A primeira saiu na fala de Celio Turino, ao afirmar que o Manifesto Semente da Esperança não nos convoca para uma novidade, mas para voltarmos a fazer o que já fizemos antes, quando nos finais da Ditadura Militar criamos os núcleos de base para construção do Partido dos Trabalhadores (PT). Penso que o nosso desafio hoje não é repetir o processo que culminou na formação do PT, o qual, hoje, muitos acreditam que seus desvios, seu distanciamento das bases e outras questões foram motivados pelo abandono, desvalorização e desarticulação dos núcleos pelo partido. A nossa conjuntura atual é completamente diferente e os desafios são outros. Portanto, devemos evitar que a Semente da Esperança seja algo para desemborcar em militância num partido político ou na formação de um novo partido. Cair nessa tentação é ter que se conduzir por uma visão instrumental do processo de rompimento com o conformismo e com a suposta falta de esperança da sociedade brasileira. Nesse sentido, faço uma sugestão de que os coletivos sejam denominados de Comunidade Comunal ou Ponto Comum ao invés de núcleo de base.

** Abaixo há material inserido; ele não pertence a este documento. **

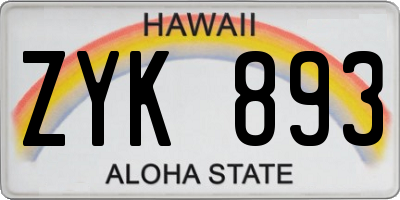 HI license plate ZYK893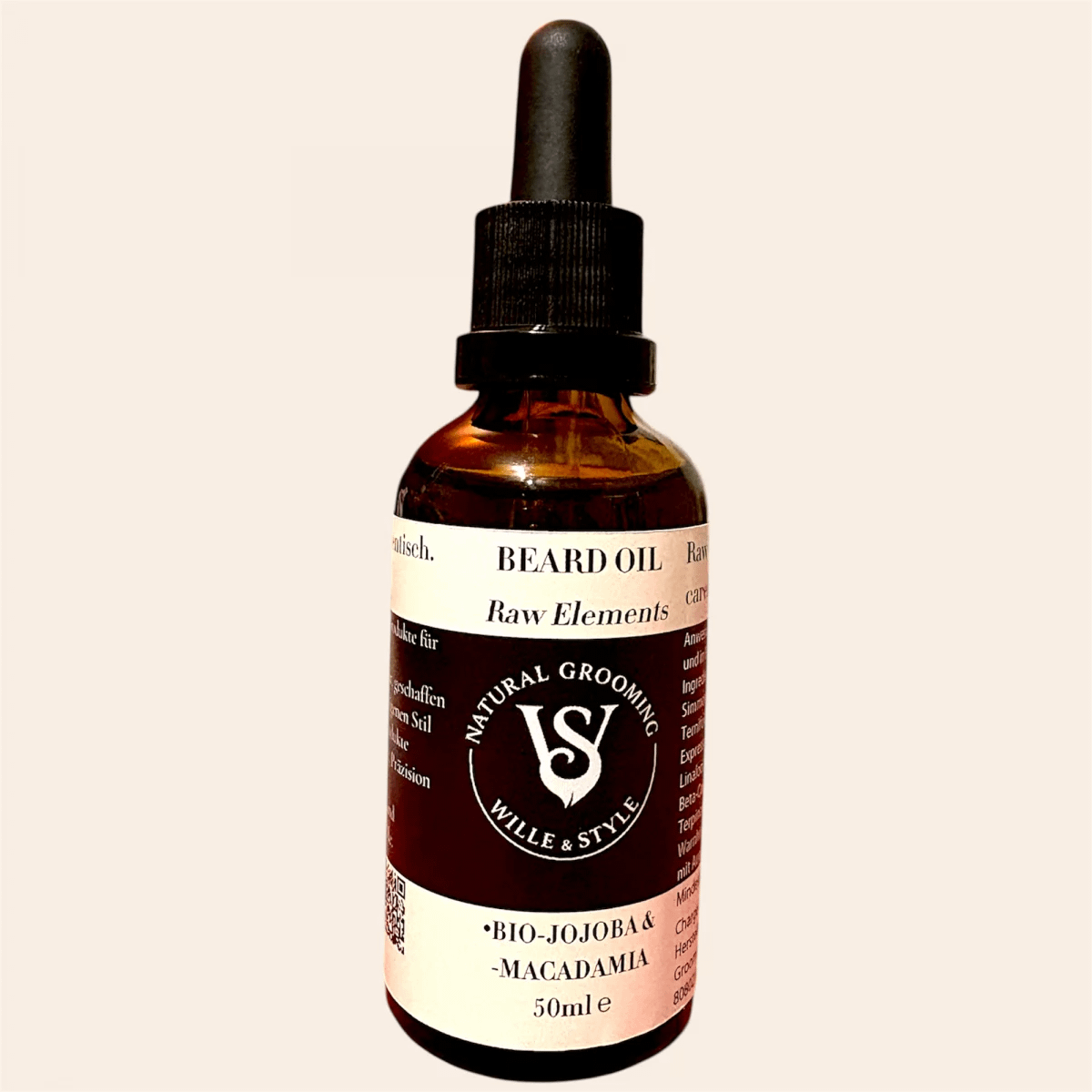 Bartöl mit Jojoba und Macadamia- natürliche Bartpflege von Wille & Style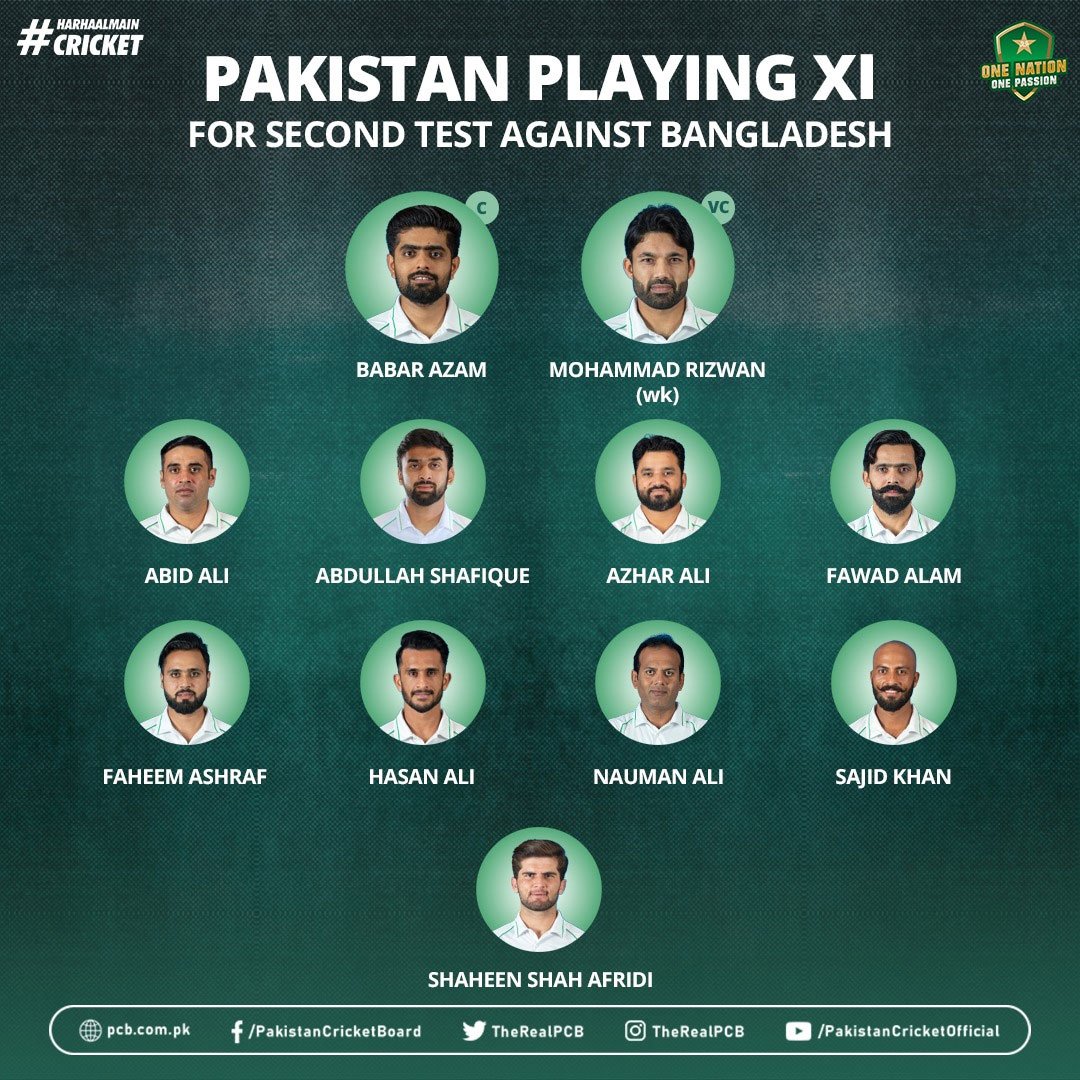 ڈھاکا ٹیسٹ کیلئے پاکستانی ٹیم۔ فوٹو: پی سی بی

A segunda foi colocada no final do evento pela deputada Luiza Erundina, quando afirmou que a tarefa dos núcleos de base seria a de organizar, mobilizar, conscientizar o povo e criar condições de influenciar o processo eleitoral de 2026. O objetivo dos núcleos de base seria, segundo Erundina, o de impedir que o bolsonarismo/extrema direita voltasse a ocupar a Presidência da República em 2026. Há na fala de Luiza Erundina uma ideia dos núcleos como vanguarda que organiza, conscientiza e mobiliza o povo. Além de se fechar num objetivo imediato e eleitoral, esta parte da fala de Erundina vai na contramão da ideia de se criar um movimento de rompimento com a apatia da população em relação aos rumos de suas vidas, do destino do país e criar um ambiente social de esperança e uma nova prática de participação no fazer político.
O Manifesto Semente da Esperança é uma proposta de organização da sociabilidade política estribada a partir do local, da vida comum comunitária, cada núcleo de base deve se constituir como um espaço de vivência do comum, de experimentos locais que se articulam com a gestão do poder municipal, estadual, federal e do planeta. Portanto, a partir de uma ação decolonizante local entra-se em simbiose com a gestão do planeta, na defesa da preservação e perpetuação de suas múltiplas formas de vida, o que implica no enfrentamento da lógica do mercado que alimenta e reproduz as relações negativas contra a natureza, como as lógicas produtoras do aquecimento global, do desmatamento, da poluição dos rios e mares e da transformação da natureza viva em natureza morta por meio das lógicas extrativistas/rentistas e da indústria de armamentos que alimenta o mercado da violência, das guerras e dos genocídios dos povos considerados indesejados. O Manifesto Semente da Esperança é um chamado para um encantamento com a política como possibilidade de produzir ideias para adiar o fim do mundo, como a contribuição do livro de Ailton Krenak, e para o encantamento e o engajamento na possibilidade de construir outros mundos, como nos conclamam os zapatistas e, a partir deles, as teorias decoloniais.